I’ve long felt that the most important quality of software is readability. Perhaps I developed this bias back in university when I was employed by the Cornell Computer Science department as a grader, which meant that over the course of a semester I had to read and grade hundreds of students’ programs. Yet I have maintained this bias throughout my professional career, and still rate readability as more important than performance, brevity, and even correctness. How can that be?

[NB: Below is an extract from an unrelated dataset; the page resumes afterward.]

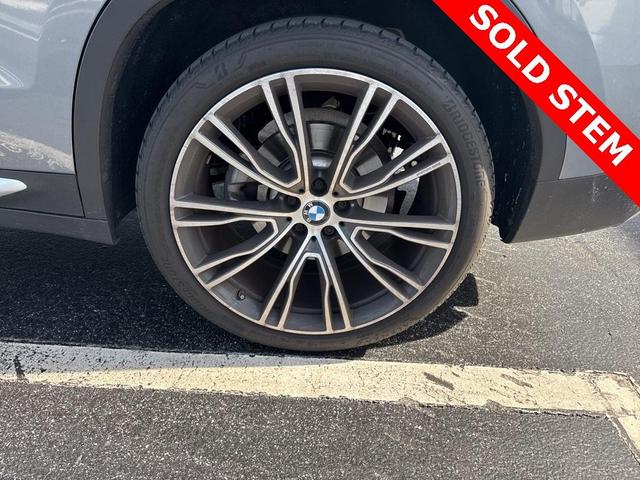 Photo of 2023 Skyscraper Gray Metallic BMW X3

Performance is certainly important: a program needs to run fast enough to satisfy the intended use cases. Yet optimizing performance can often be a waste of valuable resources, in particular developer time, which is often more expensive than CPU time. If a job is only ever going to be run once, and it currently takes an hour on a standard cloud server that costs $25/month (roughly 3.5 cents per hour), and the developer thinks he/she could get it to run twice as fast by spending ten more hours on it (at a developer cost of $50/hour), then that would be a $500 investment to save 1.75 cents. Not a good return on investment. If we wanted every piece of software to run as fast as possible, then we would write everything in assembler, as every higher-level language (including C) introduces some inefficiencies compared with writing optimized assembly code. So raw performance isn’t the most important software quality.

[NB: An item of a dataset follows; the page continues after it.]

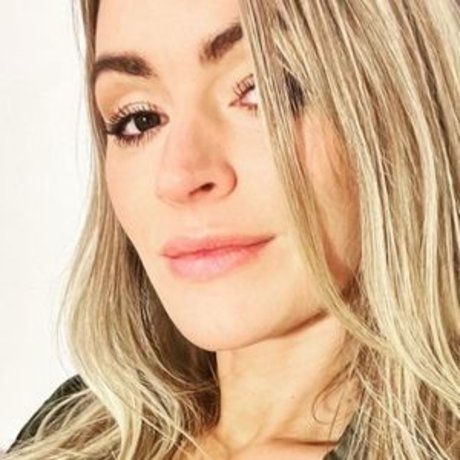 Naakte gelekte OnlyFans-foto van Laura Woods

Brevity is another important software quality, but brevity at the expense of readability is not. The computer’s compiler or interpreter is equally happy to run code with either single character variable names or longer, more descriptive names, but using longer, more descriptive names is a big aid to readability, except for short term, trivial uses of variables.

A Python2 Sudoku solver in 169 bytes...but is it correct?

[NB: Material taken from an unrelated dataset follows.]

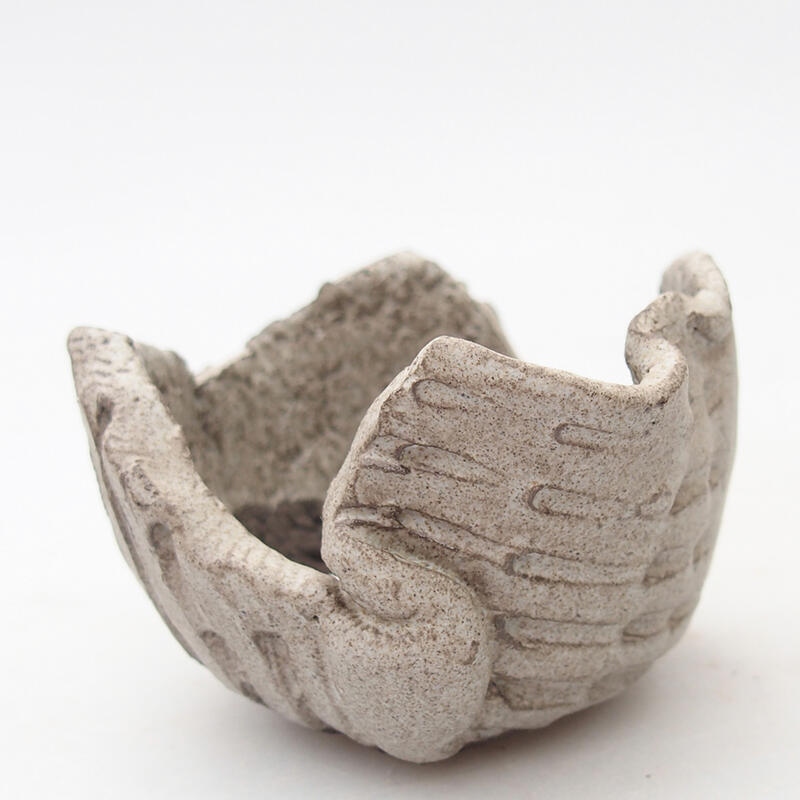 Ceramic shell 7 x 7 x 5 cm, color gray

I even rank readability higher than correctness because I feel that a program cannot be known to be correct unless it is readable. Sure, a highly obfuscated, difficult to read and understand program can be correct and can pass all the test cases written for it, but how can that program be known by others to be correct? What happens when new use cases arise in the future, and the cryptic code has to handle some new data that was perhaps not foreseen by the original author? Can the person running the code at that point in time trust that it is delivering correct output? Readability is needed to have the confidence that the software is actually working correctly.

The benefits of highly readable code are significant and long-lasting:

Readable code minimizes work in the long run. New features and bugs are bound to arise in the future, and a codebase that is readable and understandable by many developers is going to be much easier to enhance in the future. If a codebase is hard to understand, and the original author is not around to enhance it, it might have to be completely rewritten or replaced. I’ve seen plenty of instances where the original author hard a hard time understanding some code he/she wrote months ago, and embarked upon a major refactoring or rewriting. Hard to read code is a major source of technical debt.

Producing readable code helps the career growth of the original author. Few developers want to be stuck working on (i.e. maintaining) the same codebase for years and years. Yet if that code is difficult for other developers to understand, the natural response of the company will be to continue to ask the original author to maintain it ad infinitum, until the original author gets so fed up that he/she quits in a huff. If a developer wants to move onto other new, exciting projects and technologies, it absolutely helps to write readable code that others can maintain.

Producing readable code can lead to long-term satisfaction for the original author and pride in a job well done. The original author should feel happy when other developers are able to step in and inherit a codebase. Some of my proudest accomplishments as a developer are having code of mine that stayed in production for well over a decade, not necessarily in the exact same state, but the same codebase that was enhanced by others long after I left the project and the company.

Some tips to produce readable code:

Craft an elegant, simple solution, as I’ve explained here and here. Avoid advanced, esoteric language and framework features unless needed and unless they help reduce overall complexity. This way other more junior developers can inherit the codebase without needing to have an expert’s knowledge of a particular language or framework. Choose descriptive names for variables, classes, functions, methods, as this helps document and explain the code.

Finally, some comments about comments. I’m not in the camp of “the best written code should be entirely self-documenting, without any comments”. The reason is that the code itself can never fully explain “why” it was written the way that it was. Comments are often necessary to explain why a particular problem was solved a certain way. Some examples where comments can help are: explaining why certain default values were chosen (perhaps to meet the needs of a particular customer or use case); explaining non-intuitive algorithm steps (maybe a list needed to be sorted solely because it helps in restarting a job that has reliability issues due to a flaky network connection); and explaining any subsequent code modifications made due to a bug being found, or a feature request being made, after the code is in production (it can help to have a comment which cites the particular change request). My rule of thumb on comments, which comes from experience, is to realize that when I am writing the original code, I as the author am deep in the rabbit hole and aware of all the issues at the time; but what am I going to fail to remember six months or a year from now, if I have to come back to this code to add a feature or fix a bug? That’s why I like the expression that “comments are Notes to Future Self”.

Write for readability. Your company and your future self will thank you for it.